** Task to complete **
Starting with the line that contains "제로게임 [228] 나약함 (1) 9" and ending with the last line of the listing, print each line exactly. Pictures stay out.

** Provided records **
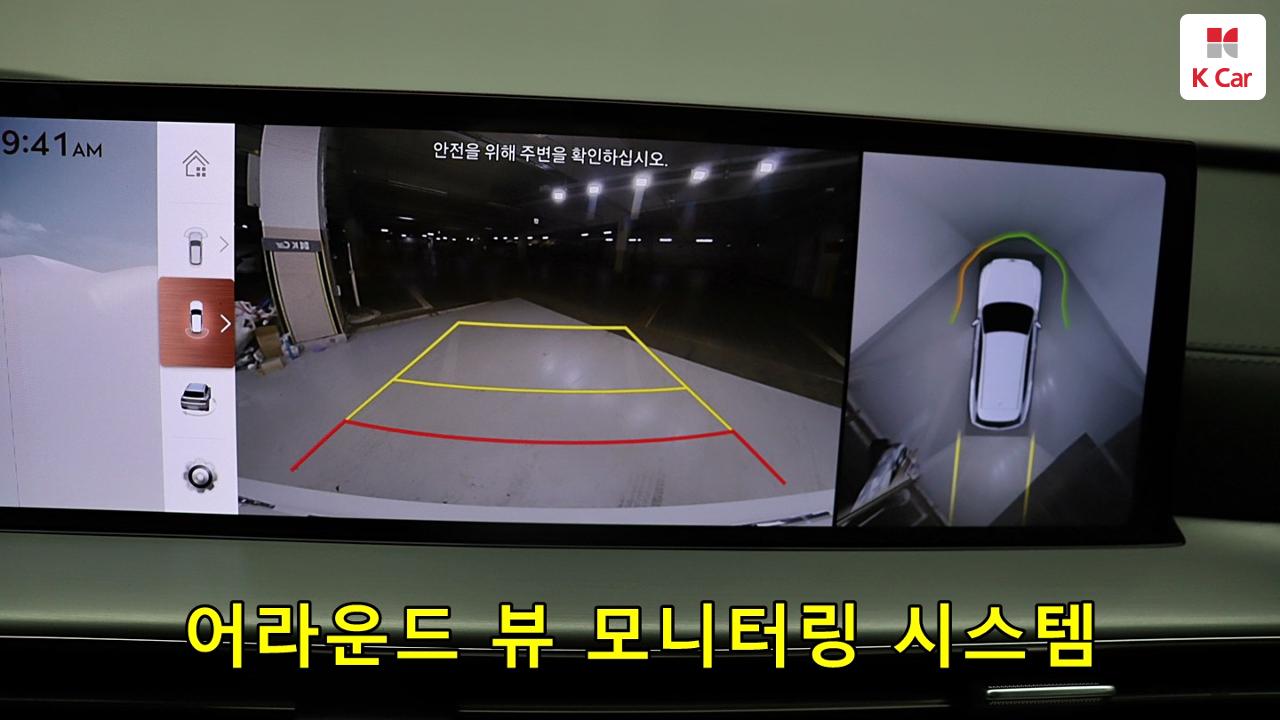 차량 이미지 29
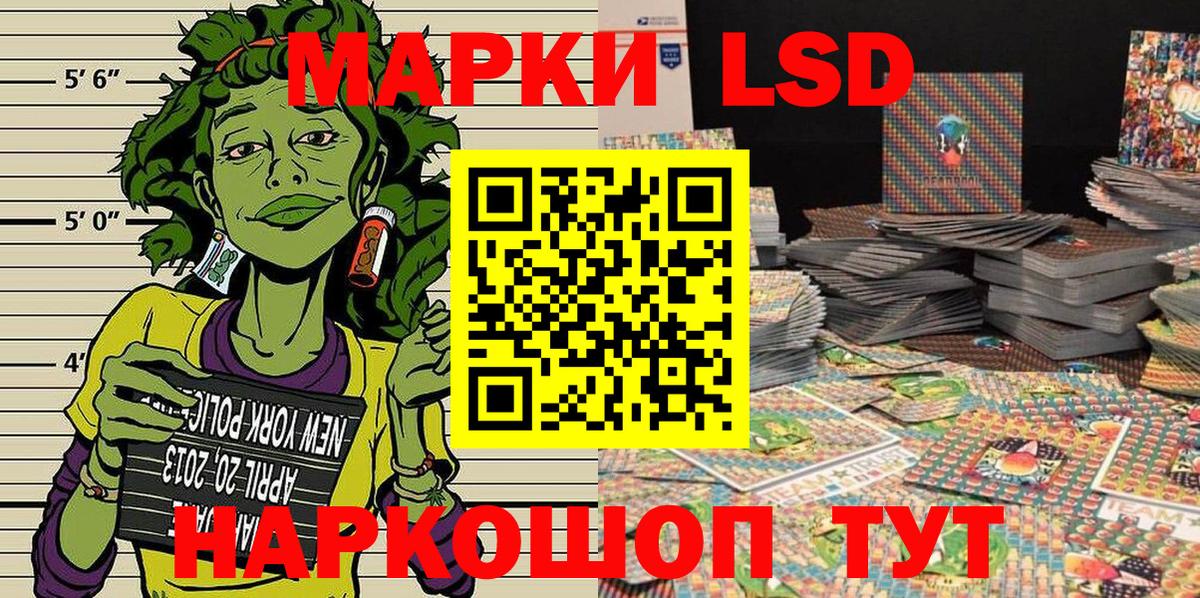 Марки NBOMe 1500мкг  Вход с VPN  Шатура 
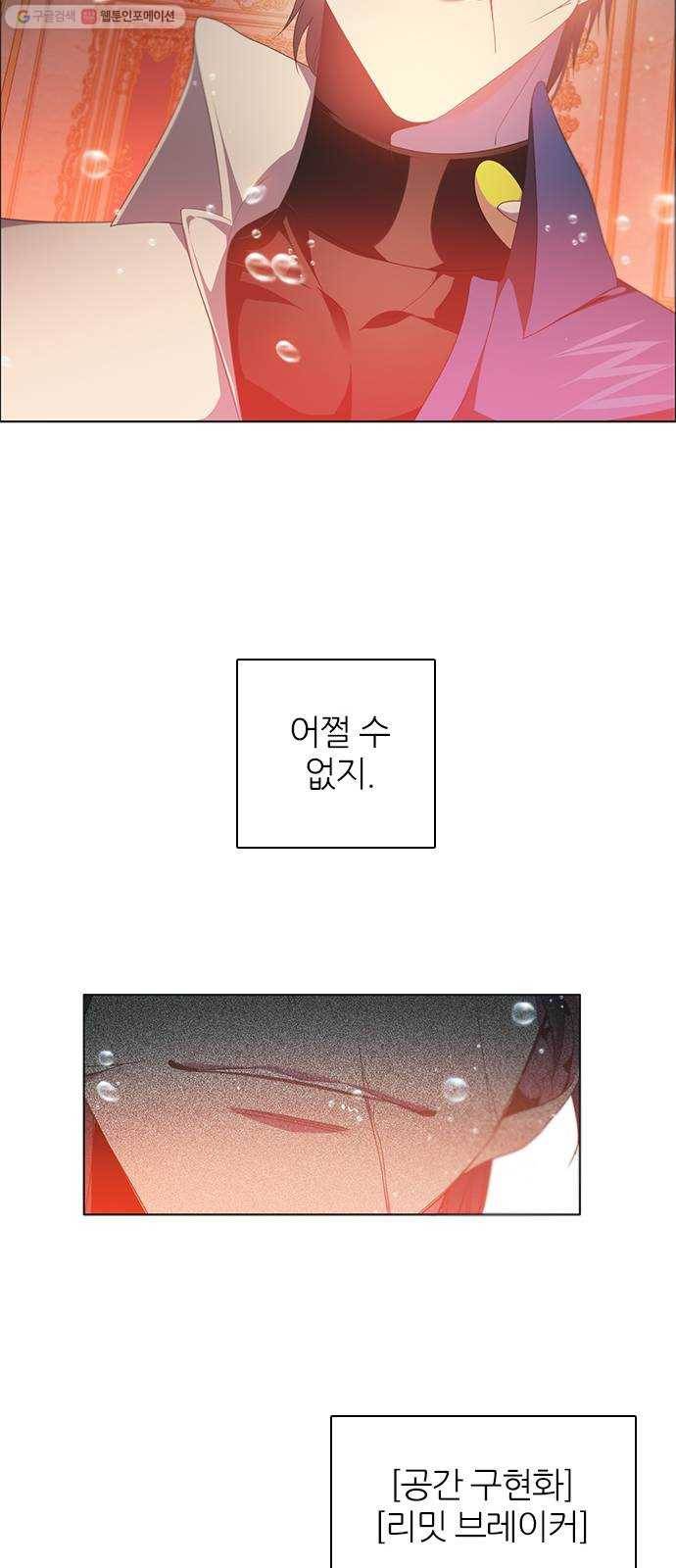 제로게임 [228] 나약함 (1) 9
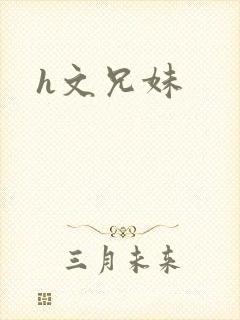 h文兄妹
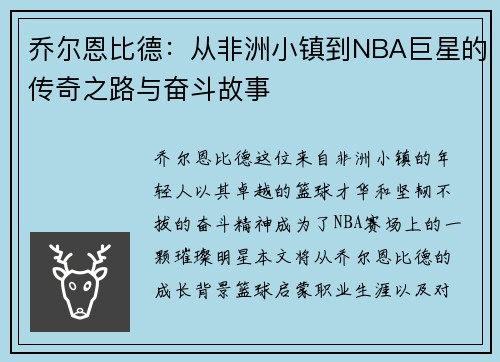 乔尔恩比德：从非洲小镇到NBA巨星的传奇之路与奋斗故事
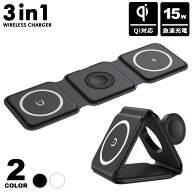 ワイヤレス充電器 3in1 折りたたみ Qi充電器 急速充電 マグネット充電器 magsafe充電器 スマホスタンド …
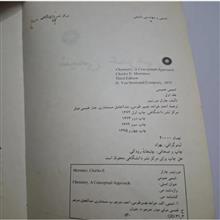 شیمی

** Result below **
 제로게임 [228] 나약함 (1) 9
 h文兄妹
 乔尔恩比德：从非洲小镇到NBA巨星的传奇之路与奋斗故事
 ワイヤレス充電器 3in1 折りたたみ Qi充電器 急速充電 マグネット充電器 magsafe充電器 スマホスタンド …
 شیمی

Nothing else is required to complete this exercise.